Les chiffres encore eux !
Le 7 ? cela ne vous dit rien ? Les 7 merveilles du monde ? Les 7 arts ? Non. C'est beaucoup plus terre à terre : il y a un président de conseil départemental dans l'Est de la France (je ne sais plus si c'est le Haut ou Bas Rhin) qui a eu une idée : puisque son département finance le RSA, il a décidé de conditionner cette aide à une petite contrepartie, le bénéficiaire s'engageant à accomplir bénévolement 7 h de travail par semaine. La belle idée que voilà, et nombreux ont été ceux qui l'ont louée : puisque c'est nous qui payons, sur nos impôts eh bien que ceux qui en profitent accomplissent un travail pour la société. Le bénévolat, par définition, c'est une activité choisie par une personne et sans le moindre lien financier ou rétributif quel qu'il soit. Or conditionner le RSA à un bénévolat, c'est en quelque sorte faire un chantage inadmissible : ou tu bosses bénévolement pendant 7h par semaine et je te donne 400€, ou tu n'as rien.

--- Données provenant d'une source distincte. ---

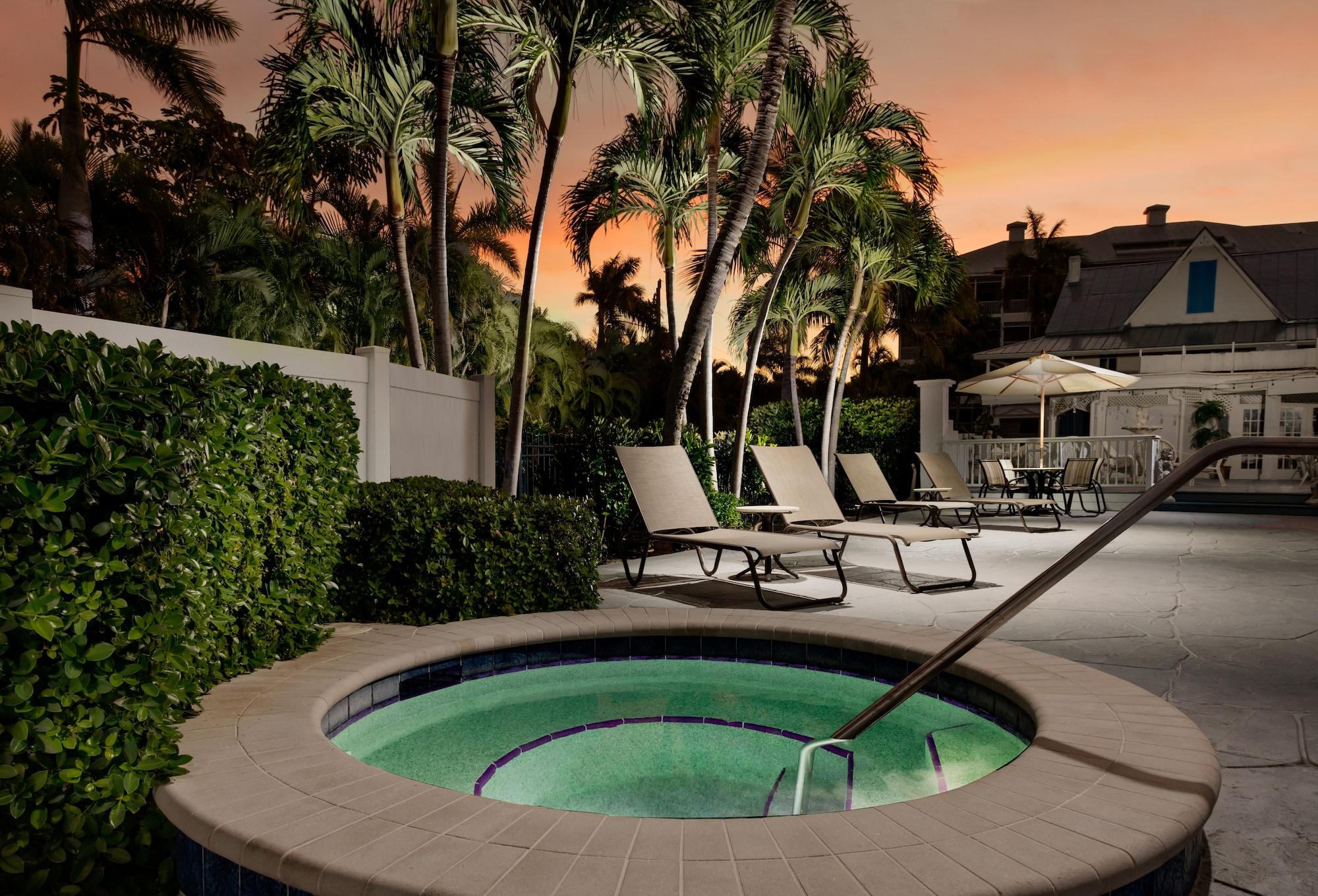 Spa Olde Marco Island Inn and Suites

Richissime idée, et j'aime bien calculer, le RSA c'est en moyenne 400€ par mois ; maintenant si vous divisez la somme de 400€ par 28 (7x4) vous obtenez un prix de l'heure de 14,28€ net ! C'est bien plus que l'heure horaire du Smic ! Alors puisque le Conseil départemental est capable de supporter financièrement une telle idée, ne serait-il pas préférable de créer de véritables postes à temps plein, payés au smic et correspondant au profil de formation des bénéficiaires du RSA : ce serait plus gratifiant pour le bénéficiaire, puisqu'i aurait été à même de choisir son secteur de travail en fonction de ses aptitudes et de ses goûts, et plus « rentable » pour la société, impôts directs et/ou TVA dont il devrait s'acquitter, qu'il le veuille ou non.
Et pour terminer sur les chiffres, une énigme que je pose à tous mes lecteurs fin lettrés et impressionnants calculateurs !
Sachant qu'une réforme fondamentale de l'orthographe vient d'être pondue, combien y-a-t-il de mots qui vont garder leurs accents circonflexes et combien vont le perdre ! Remarquez j'aime beaucoup la « gratuité » de cette réforme, puisque de toutes les façons, accents ou pas accents, il n'y aura pas de faute, et les deux orthographes seront admises … alors pourquoi avoir pondu cette réforme ? Les anciens instituteurs vont se sentir pousser des ailes de révolte dans leur retraite, et les nouveaux professeurs des écoles vont y perdre le peu de latin qu'ils ont encore (1), et ce n'est pas un mal, puisqu'une autre réforme va limiter et de beaucoup l'enseignement de cette langue !
Où est cet heureux temps où des professeurs de fac pouvaient se permettre de faire des cours de littérature et de civilisation latine, tout en latin !!!! Mais comme il paraît que vouloir continuer à enseigner le latin, voire le grec, est profondément réac, et élitiste, alors oui, je revendique pour la première fois de ma vie le droit à être réac et élitiste !
(1) je ne sous-entends pas qu'ils connaissent peu le latin, mais seulement que n'en ayant plus la pratique, ils en aient forcément beaucoup oublié.